Industrially, Clastic Reservoirs can be found extensively all over the world; for example, deep-water turbidites, deltaic deposits, and fluvial channels. These reservoirs can be accessed quite conveniently, even without the same expertise required to tap carbonate reservoirs. Additionally, methods for enhanced oil recovery, such as ‘polymer flooding’ and ‘surfactants’, can be applied. They can be modeled for reservoir simulation, unconventional reserves, and CO2 geological storage because of their predictability [41,42,43,44].
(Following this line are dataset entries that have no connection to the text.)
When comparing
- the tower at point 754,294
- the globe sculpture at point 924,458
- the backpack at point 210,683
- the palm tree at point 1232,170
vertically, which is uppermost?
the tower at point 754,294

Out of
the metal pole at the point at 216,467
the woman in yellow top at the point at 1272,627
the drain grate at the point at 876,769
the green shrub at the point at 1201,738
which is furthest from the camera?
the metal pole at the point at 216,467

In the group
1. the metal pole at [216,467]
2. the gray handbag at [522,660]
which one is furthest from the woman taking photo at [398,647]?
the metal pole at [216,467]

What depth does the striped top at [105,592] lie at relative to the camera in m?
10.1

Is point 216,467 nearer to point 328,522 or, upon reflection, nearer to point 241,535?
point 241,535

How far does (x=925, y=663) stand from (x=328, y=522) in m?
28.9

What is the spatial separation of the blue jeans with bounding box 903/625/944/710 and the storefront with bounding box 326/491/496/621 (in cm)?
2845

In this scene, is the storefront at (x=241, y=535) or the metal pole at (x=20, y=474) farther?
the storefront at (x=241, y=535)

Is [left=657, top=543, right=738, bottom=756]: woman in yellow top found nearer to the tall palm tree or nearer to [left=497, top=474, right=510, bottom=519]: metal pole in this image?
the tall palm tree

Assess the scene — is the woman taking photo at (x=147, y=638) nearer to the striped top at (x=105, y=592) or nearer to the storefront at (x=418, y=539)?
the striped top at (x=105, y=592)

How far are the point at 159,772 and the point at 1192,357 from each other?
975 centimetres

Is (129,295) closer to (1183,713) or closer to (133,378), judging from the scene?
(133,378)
Overall, a clastic reservoir is more desirable than a carbonate reservoir because of its positive production behavior, simpler geological modeling, and homogeneous behavior of the reservoir, although challenges such as fines migration, clay swelling, and heterogeneity are also involved.
The reactive mineral system was modeled using calcite, kaolinite, anorthite, and halite, along with core carbonate aqueous reactions. Table 2, Table 3 and Table 4 shows the CO2-brine interactions for elastic reservoirs bearing clay minerals and feldspar, along with initial concentration of aqueous species [39,42].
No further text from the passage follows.